Saturday, September 10, 2011

ARC Review: The Predicteds by Christine Seifert

Is it really possible to have things predicted in your life? What you will become in the future, the things you'll do, the way you will live your life? Isn't that supposed to be something only you can know?

Title: The Predicteds by Christine Seifert
Pages: 342
Release Date: September 1st 2011
Published by: Sourcebooks Fire
Source: Borrowed (Thanks, Precious!)
Buy: Amazon | Book Depository

Summary (from Goodreads):

Your future is not your own...

"We wanted to know what makes a good kid good and a bad kid bad. Can you blame us for that? We found an astoundingly, marvelously simple answer: The brain isn't so much a complicated machine as it is a crystal ball. If you look into it, you will see everything you want to know."
-Dr. Mark Miliken, senior researcher at Utopia Laboratories

Who will it be?
Will the head cheerleader get pregnant?
Is the student council president a secret drug addict?

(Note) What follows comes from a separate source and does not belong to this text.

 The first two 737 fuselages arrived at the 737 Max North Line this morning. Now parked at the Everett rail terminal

The whole school is freaking out about PROFILE, an experimental program that can predict students' future behavior.

The only question Daphne wants answered is whether Jesse will ask her out...but he's a Predicted, and there's something about his future he's not telling her.

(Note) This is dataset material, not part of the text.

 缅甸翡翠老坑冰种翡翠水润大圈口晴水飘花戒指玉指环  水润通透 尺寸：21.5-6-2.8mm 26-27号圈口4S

Daphne's life changed that day when an on-campus shooting occurred. It was her first day of school and she ended up shoved in a cupboard, uncertain if she will live through the day. Cases like it could have been prevented, according to Utopia Systems. They have developed a system that can predict one's behavior, courtesy of the PROFILE program, and Daphne's school is the lucky place where tests were to be conducted. Daphne was saved by Jesse that day of the shooting, and he's a nice guy, someone she sees herself falling for. But PROFILE tells otherwise, because according to it, Jesse is a potential killer.

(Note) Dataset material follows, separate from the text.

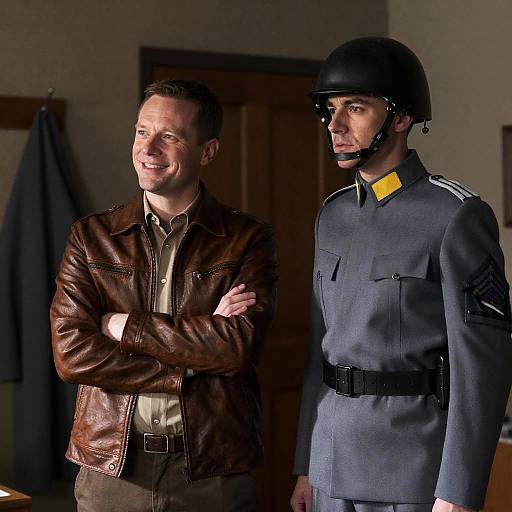Two Men in Military and Casual Attire Indoors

One of the things I love about this book is how it easily slips in and out of both the dystopia and contemporary genre and still feel like a wholly good book. Just when you think you're reading a purely contemporary book about a teenager trying to move on with her life after a traumatic event, things like PROFILE sneaks into the story and you're back into a world where technology tries to make living harder than make it simpler.

The Predicteds is very typical. It's composed of your typical teenage groups, teenage drama and angst, even a dysfunctional parent, but surprisingly, the presence of PROFILE gives it an entirely interesting twist that will keep the readers interested to the very end. The tension between Jesse and Daphne was confusing but something you will not be able to get enough of. Granted, it was instant attraction, but Daphne wasn't at all blind to love. She doubted Jesse. And Jesse was a character you thought you already have figured out but not when the secrets he's keeping gets out one by one. A Knight in shining armor with a dark past. Or so they say. There were a lot of moments that just made my heart ache for Daphne, caught between January and Jesse's confusing relationship.

What I liked about Daphne, is that she's not your typical teenager from a not so typical family, who thinks unlike everyone else. Mostly detached and often times unemotional, I find her a bit quirky, especially with her choice of friends. In a school where kids just follow what is dictated to them by their parents, by the school, by PROFILE, she still knew better than to let Technology define Humanity and how she'll interact with the people around her.

The Predicteds raises quite a few questions worth asking and worth answering. How do you live your life knowing that at some point you're destined to commit violence, even murder? Will you let a computer program's choices dictate how you will live? And will someone destined to be evil really change? The Predicteds show just how much technology can affect our daily lives. When used in a wrong way, it can destroy lives just like every other dangerous thing can. On the other hand, The Predicteds also show just how "human" we are. Quick to judge, quick to assume and easily mistrust each other. Flawed. It's even worse because the situation in The Predicteds shows vividly how it can create social, psychological, physical chaos. Friends turn away from friends, parents act irrationally because of fear. Self-preservation, discrimination, cruelty, every single bad thing that can happen surfaces and gets the best of people. When you draw the line between who you think is good and bad, what do you think will happen in the society you live in?

The Predicteds is part romance, part dystopia, part thriller. It's a book that surprised me, from being a typical book at the start to something you can think about, deep and intriguing. Unique, fresh and thoroughly entertaining, The Predicteds is worth a read!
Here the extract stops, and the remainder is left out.